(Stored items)
.....
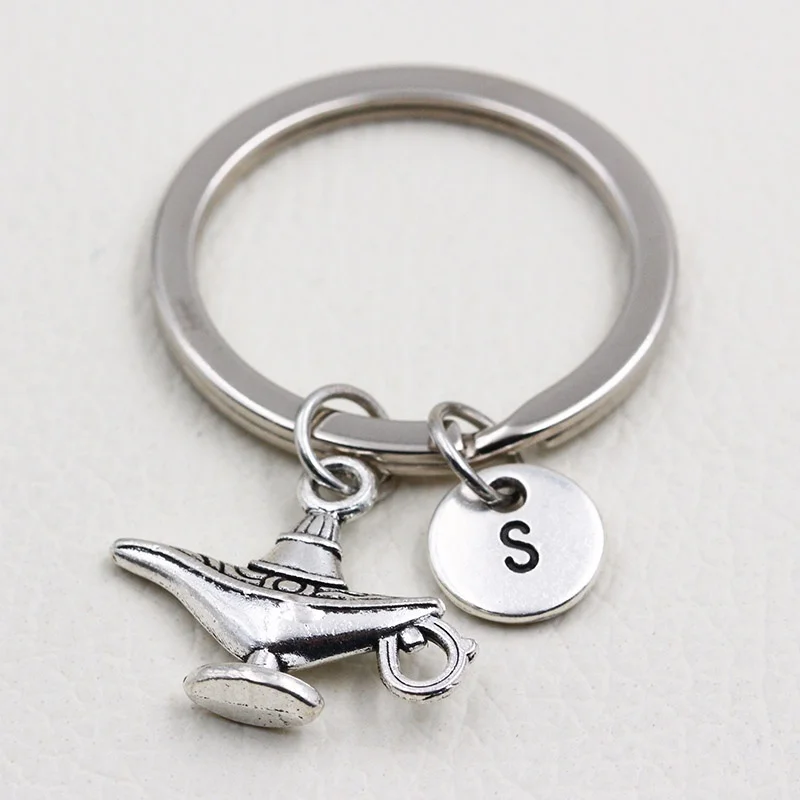 2019 New Magic Lamp Pendant Keychain Personalized A to Z Letters Key Chain Keyrings Best Friend Gift Fashion Jewelry
2019 New Magic Lamp Pendant Keychain Personalized A to Z Letters Key Chain Keyrings Best Friend Gift Fashion Jewelry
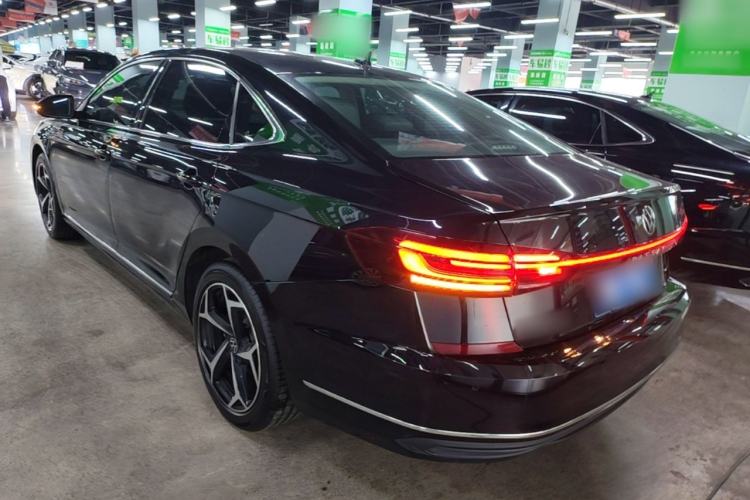 Used Volkswagen Passat 2025 Outstanding Model 330TSI Starry Elite Edition Exterior 2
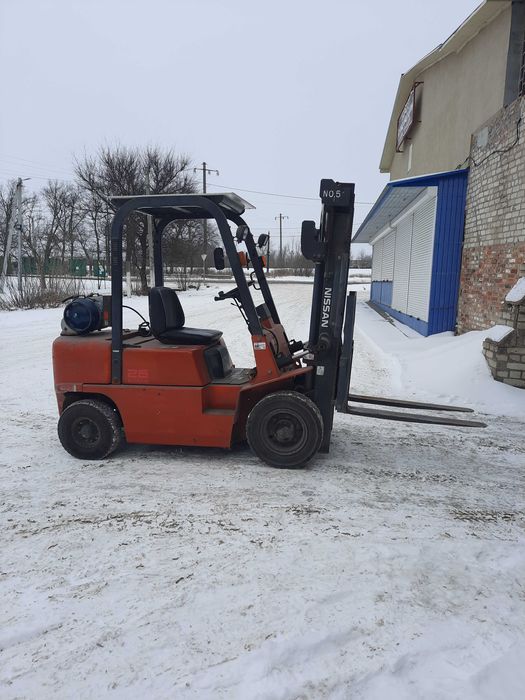 Погрузчик газ бензин 2.5т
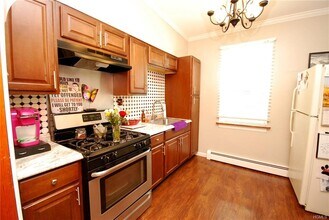 158 6th St, Unit 2-R in Verplanck, NY - Building Photo - Building Photo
.....
Directions for this task: The expected output is each entry given again word for word, with pictures dropped.

Your response:
 2019 New Magic Lamp Pendant Keychain Personalized A to Z Letters Key Chain Keyrings Best Friend Gift Fashion Jewelry
2019 New Magic Lamp Pendant Keychain Personalized A to Z Letters Key Chain Keyrings Best Friend Gift Fashion Jewelry
 Used Volkswagen Passat 2025 Outstanding Model 330TSI Starry Elite Edition Exterior 2
 Погрузчик газ бензин 2.5т
 158 6th St, Unit 2-R in Verplanck, NY - Building Photo - Building Photo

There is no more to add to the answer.